• _About this exercise_
Look below for the line with "金（jīn）屬件表麵油汙為什麽用酸性（xìng）除油劑效果更（gèng）好". Retype it and every line after it to the end, exactly, but leave out the pictures.

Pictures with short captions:
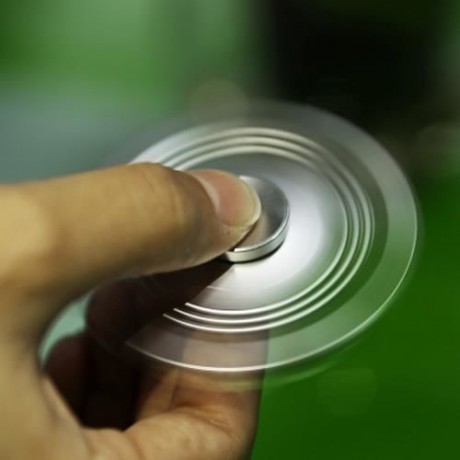 THREE-BLADE GYRO STRESS RELIEVER PRESSURE REDUCING TOY FOR OFFICE WORKER (SILVER)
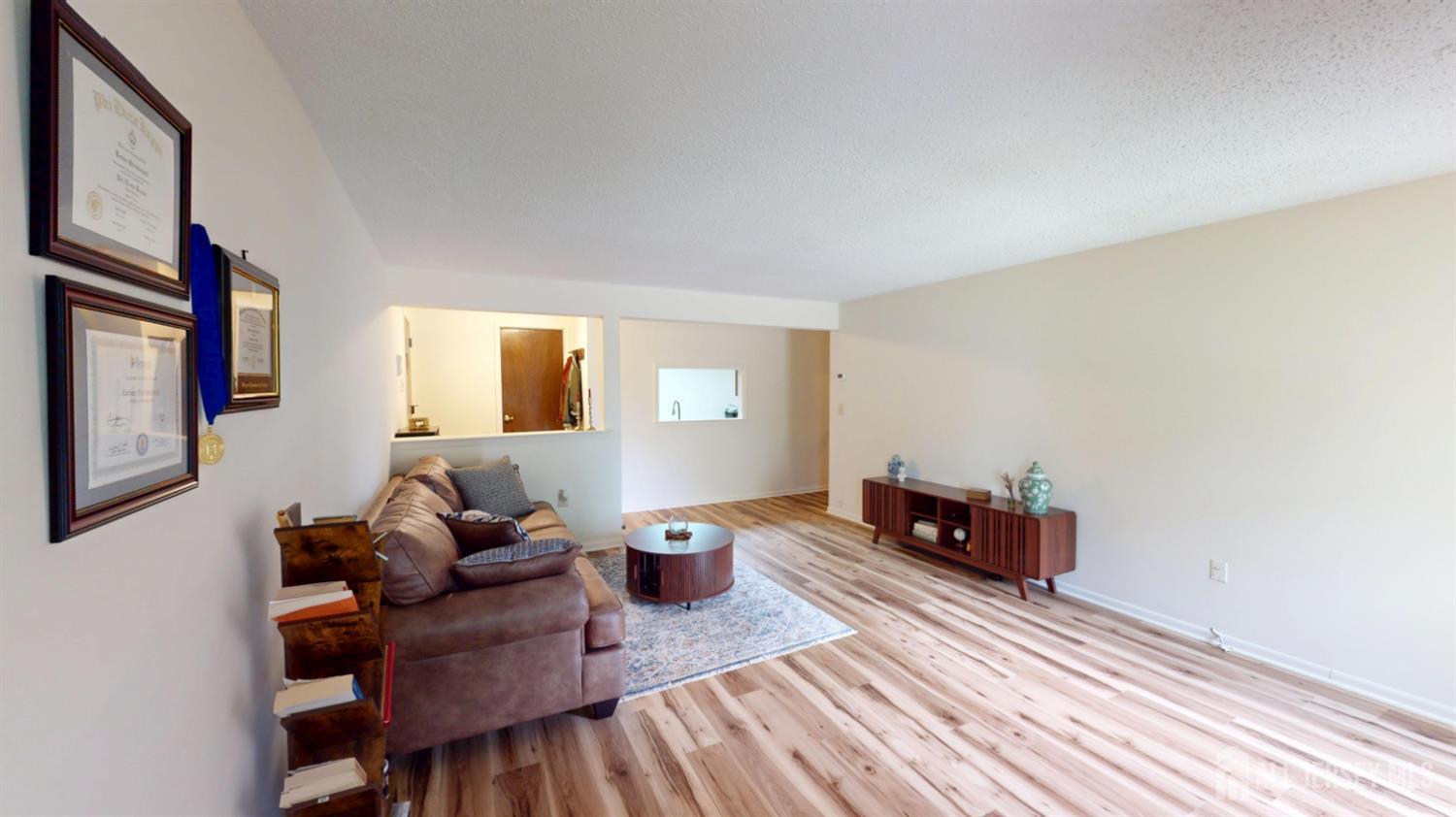 280 Willowbrook Drive, North Brunswick, NJ, 08902 image 7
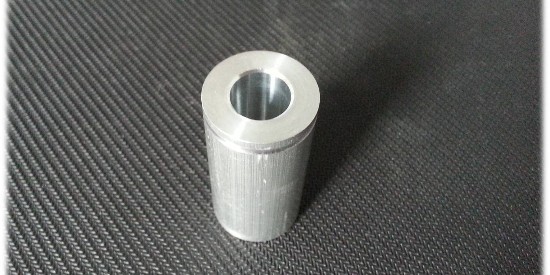 金（jīn）屬件表麵油汙為什麽用酸性（xìng）除油劑效果更（gèng）好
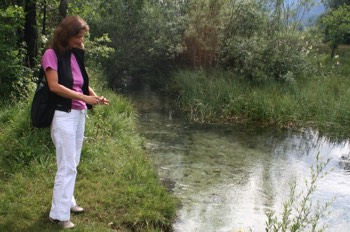  Heidi Brand bei der Betrachtung der Alge am Ufer 
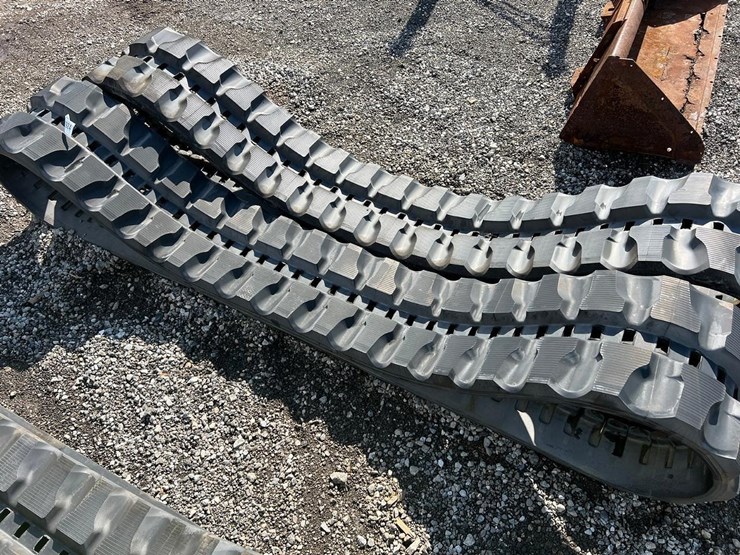 bridgestone--500x78x92fs-excavator-tracks-image-2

• _Result of this exercise_
 金（jīn）屬件表麵油汙為什麽用酸性（xìng）除油劑效果更（gèng）好
  Heidi Brand bei der Betrachtung der Alge am Ufer 
 bridgestone--500x78x92fs-excavator-tracks-image-2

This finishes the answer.